TASK STATEMENT:
What are the lines from the one containing "1:1 Louis Vuitton" through the last line of the records below? Return them exactly, leaving out pictures.

═══ RECORDS FOR THE TASK ═══

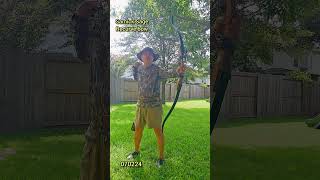 Samick Sage Takedown Recurve Bow [upl. by Kokaras]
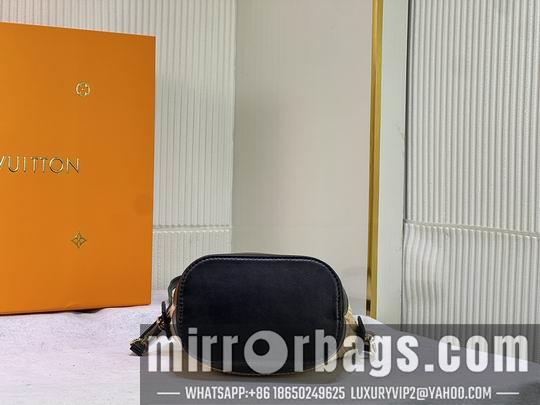 1:1 Louis Vuitton Bags Petit bucket M59661 19x18x182.5cm cs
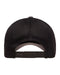 Rear view of the Flexfit Adult 110® Adjustable Mesh Cap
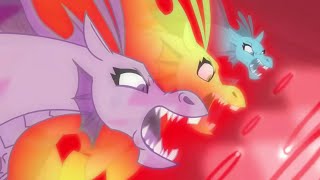 Dazzlings Siren Scream Demo Cover V1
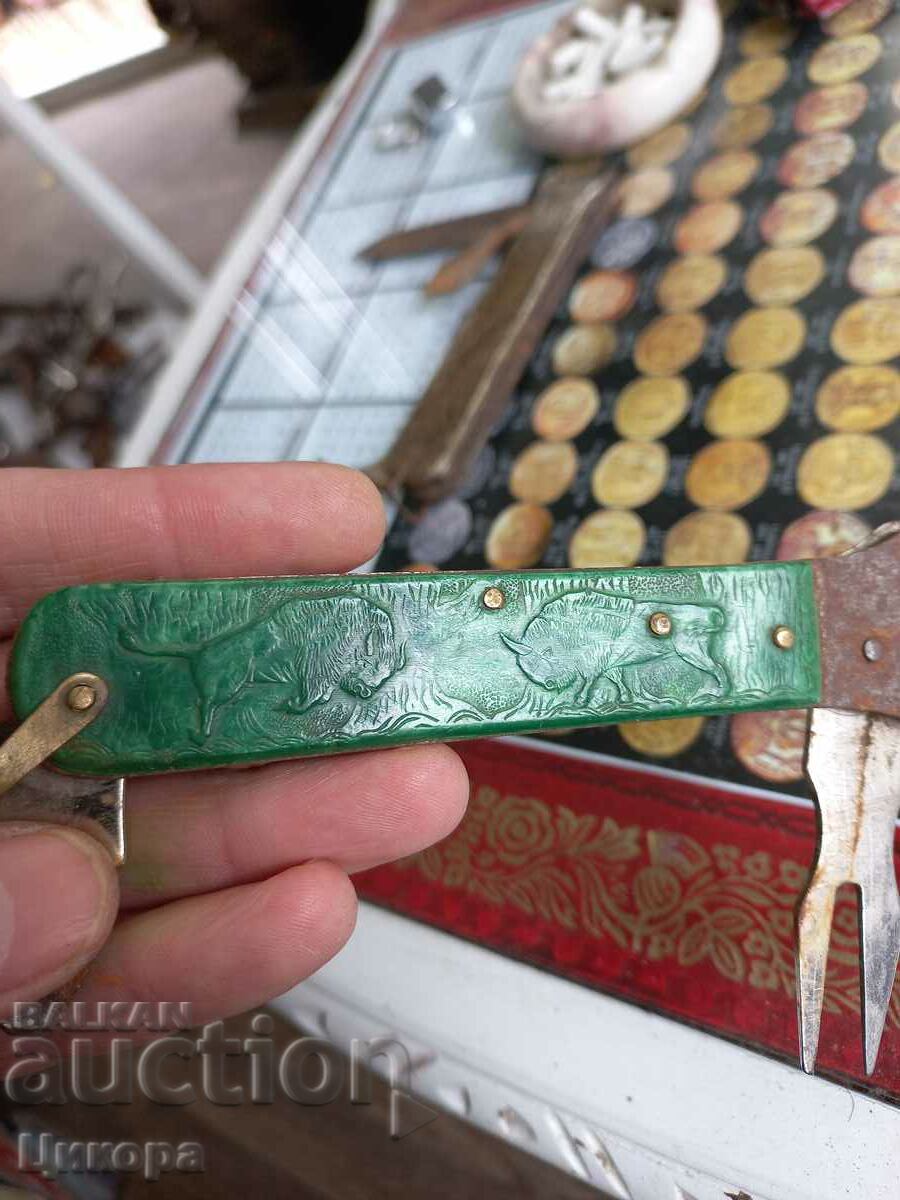 Παράδοση ΠΑΛΙΟ ΡΩΣΙΚΟ ΚΥΝΗΓΗΤΙΚΟ ΜΑΧΑΙΡΙ ΠΤΥΣΣΟΜΕΝΟ ΧΕΡΙ Παράδοση ΠΑΛΙΟ ΡΩΣΙΚΟ ΚΥΝΗΓΗΤΙΚΟ ΜΑΧΑΙΡΙ ΠΤΥΣΣΟΜΕΝΟ ΧΕΡΙ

═══

YOUR SOLUTION:
 1:1 Louis Vuitton Bags Petit bucket M59661 19x18x182.5cm cs
 Rear view of the Flexfit Adult 110® Adjustable Mesh Cap
 Dazzlings Siren Scream Demo Cover V1
 Παράδοση ΠΑΛΙΟ ΡΩΣΙΚΟ ΚΥΝΗΓΗΤΙΚΟ ΜΑΧΑΙΡΙ ΠΤΥΣΣΟΜΕΝΟ ΧΕΡΙ Παράδοση ΠΑΛΙΟ ΡΩΣΙΚΟ ΚΥΝΗΓΗΤΙΚΟ ΜΑΧΑΙΡΙ ΠΤΥΣΣΟΜΕΝΟ ΧΕΡΙ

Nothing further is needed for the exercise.